Academics & Research

UH prof leads team in identifying children at risk for mental health issues

CarlaSharpchildren

Carla Sharp, director of UH’s Developmental Psychopathology Lab, stands with children at a community-based organization in the township of Mangaung, outside the city of Bloemfontein in South Africa, during her research for a National Institutes of Health-funded study. | Courtesy of UH.edu

A UH researcher’s team is working on a study about children orphaned by HIV/AIDS in South Africa, aiming to provide insight on how to identify and help children with emotional behavior issues.

About 5.6 million adults living with HIV lived in South Africa in 2011, according to the Department of Health’s 2011 National Antenatal Sentinel HIV & Syphilis Prevalence Survey in South Africa, and 1.43 percent of the general population was estimated to be infected.

According to a 2013 UNICEF report, about 2.5 million children who have lost one or both parents to AIDS were living in South Africa in 2012, making up about 63 percent of all orphans in that region.

“There are two factors that cause increased risk for mental health problems in children (who have one or more parents living with HIV). The first is that their parents die from HIV/AIDS, so the effect on children’s mental health is a well-known fact, and the other result of (having an HIV-positive parent) on a child’s mental health is by having chronically ill parents,” said Carla Sharp, director of UH’s Developmental Psychopathology Lab and the principal investigator of the study, titled “Emotional-behavior disorders in South African children affected by AIDS.”

“There’s been an increase in the ability to treat HIV/AIDS in adults, so the mortality results have actually decreased, but many children are still living with chronically ill parents.”

The study received a $951,147 grant from the National Institutes of Health and aims to develop a reliable and valid diagnostic tool for the early detection of psychiatric disorders as a first step toward successful intervention.

“Our research is about how to identify children in the community with emotional and behavior problems, so we developed and evaluated the validity of two diagnostic tools that could identify children with emotional or behavioral disorders,” Sharp said.

According to a UH press release, the three-year cross-sectional study adapts a clinical diagnostic interview and questionnaire using multiple informants to collect 750 interviews from children ages 7 to 11, including 250 children orphaned by AIDS, 250 orphaned by other means and 250 non-orphaned.

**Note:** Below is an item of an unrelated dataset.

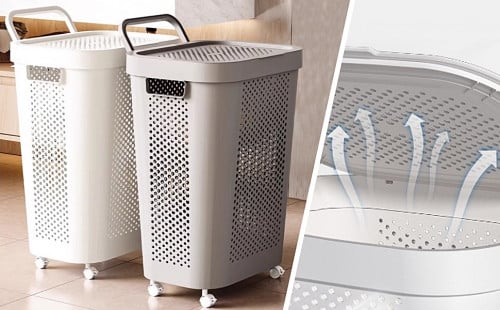 Laundry dirty clothes basket with wheels 60L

According to Sharp, a large challenge in identifying and caring for children at risk for mental health problems is that there are only four psychologists per 100,000 people in South Africa.

“There is a serious lack of trained professionals to deal with the seriously high amount of children put at risk by this disease,” Sharp said.

“If a child cannot be identified for help, then there is no way for them to overcome the effects of being an orphan.”

The research team also included professor Lochner Marais from the Centre for Development Support at the University of Free State and Donald Skinner, director of Research on Health and Society at the University of Stellenbosch.